Mr. Metaxas‘ real-life heroes do in fact demonstrate those manly virtues; however, they do so inspired, directly or indirectly, by Christian conviction. As Eric Liddell, famous from the film “Chariots of Fire” as the Olympic runner who would not compete on the Sabbath, asked rhetorically: “Have you learned to hear God’s voice saying, ‘This is the way, walk ye in it’? Have you learned to obey? Do you realize the tremendous issues that may be at stake?”
With Liddell it was all for Christ. So with William Wilberforce and Dietrich Bonhoeffer, the Christian heroes celebrated by Mr. Metaxas in recent popular biographies — the former as anti-slavery prophet, the latter as voice of conscience for the German people under Hitler.

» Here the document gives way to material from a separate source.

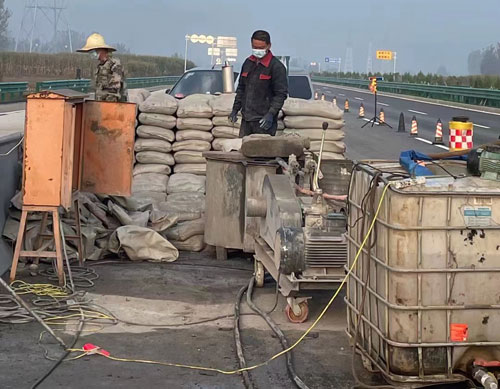 盈江高速路病害处理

The Christian bona fides of George Washington and Jackie Robinson, while real are less widely remarked, yet Washington’s life of devotion and worship — he was Anglican — reinforced his almost other-worldly dignity, courage and sense of duty. With Robinson, faith in Christ led to the self-control so vital in the face of taunts and insults that flew at him like beanballs as he racially integrated major league baseball.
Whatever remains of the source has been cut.